In a video posted on their YouTube channel, the Corridor Crew critiqued the show’s depiction of dragon fire. They reviewed a season 2, episode 7, “The Red Sowing” scene that featured Vermithor shooting fire at innocent dragonseeds. Niko Pueringer, a pyrotechnics expert, found that the fire seems entirely inaccurate. The fire is too dark, too clean, and far too unrealistic. Check out Pueringer’s full explanation below:
So first off, fire doesn’t work like this. I’m tired of seeing pre-disturbed bulbous fluid. That’s not at all how this happens… Or just the way the fire is working at the end of this fire blast shouldn’t be these pre-contained soft pockets of bumpiness. It should be speed. It should be motion blur. Like where is the movement coming from here? And then secondly, here, it’s all dark. That thing, that’s a bright wall of fire. There’s no light coming from it. I get it, it’s a TV show, I get it, but this is my beef with Hollywood fire. It doesn’t move like fire. It doesn’t light the scene like fire. Turn up those lights. Just blast those lights! It makes such a huge difference. Just blast the scene with those lights. It looks lovely.
What House Of The Dragon’s CGI Problems Mean
The Dragon Fire Needs To Be Improved
As a show named after dragons, the entire narrative is built on the backs of the supernatural monsters. The Targaryen family thrives when they use the sigil of their House to burn their enemies and to melt castles. The dragons are a massive budget problem, which led HBO to cut two House of the Dragon episodes. Still, they are still shown regularly by necessity. Nearly every major Targaryen character has a strong bond with one of the creatures, and they generally offer bursts of flame with little prompting.
Raising the brightness is an apt and seemingly inexpensive solution.
Considering that there are already budgeting issues, fixing the fire may not necessarily have an easy solution. While Pueringer insists that raising the brightness should be a significant improvement, other issues, including the speed of the flames, might be more expensive to showcase. The dragon scenes drain the show’s budget, so any resolution would likely only make circumstances worse.
Raising the brightness is an apt and seemingly inexpensive solution, however, and darkness is something that Game of Thrones season 8 already received similar criticism for.

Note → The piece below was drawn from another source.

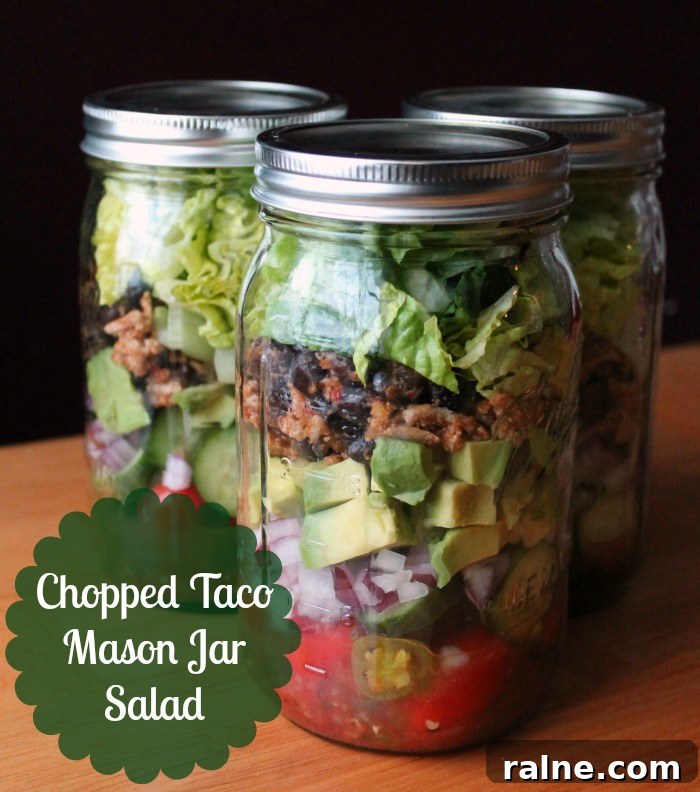 25+ Mason Jar Recipes for Quick Meals & Snacks 21 Chopped Taco Salad | 25+ Mason Jar Eats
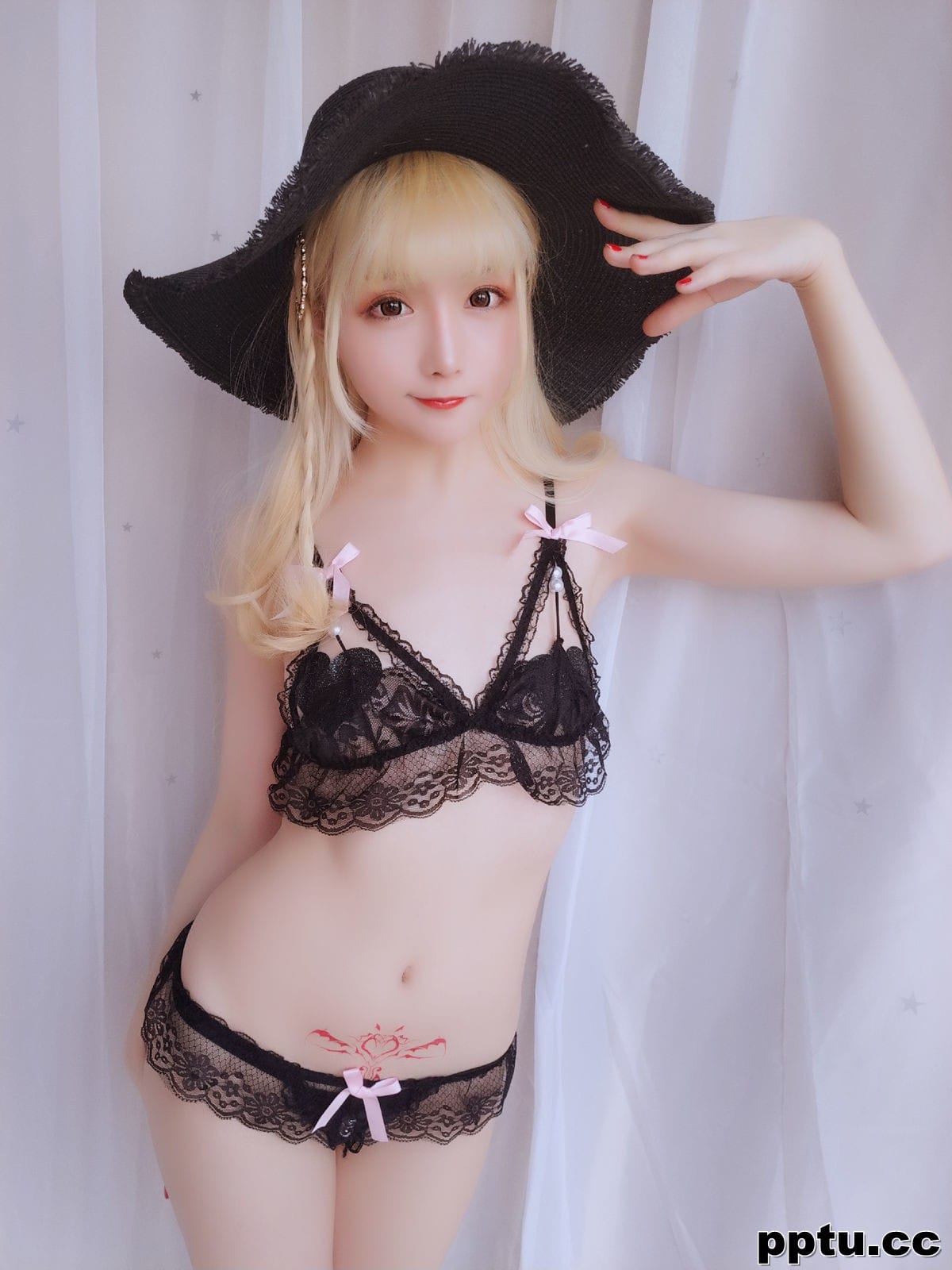 COSER小姐姐星之迟迟 《假日快乐包》 [福利COSPLAY] 写真集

Our Take On House Of The Dragon’s CGI Issues
It Is A Problem, But Not The Most Significant Issue
The fire is a serious issue for a show that bills itself as a dragon-driven narrative. Yet, while it is a significant problem, the writing and structural concerns are far more worrisome. Cutting two episodes from the end of season 2 made the pace unpredictable and ruined House of the Dragon season 2’s ending. Writing concerns were so significant that author George R.R. Martin publicly criticized the showrunners. If the show is going to improve anything, narrative pacing is a much more salient problem, as opposed to anything relating to the otherwise stellar visual effects.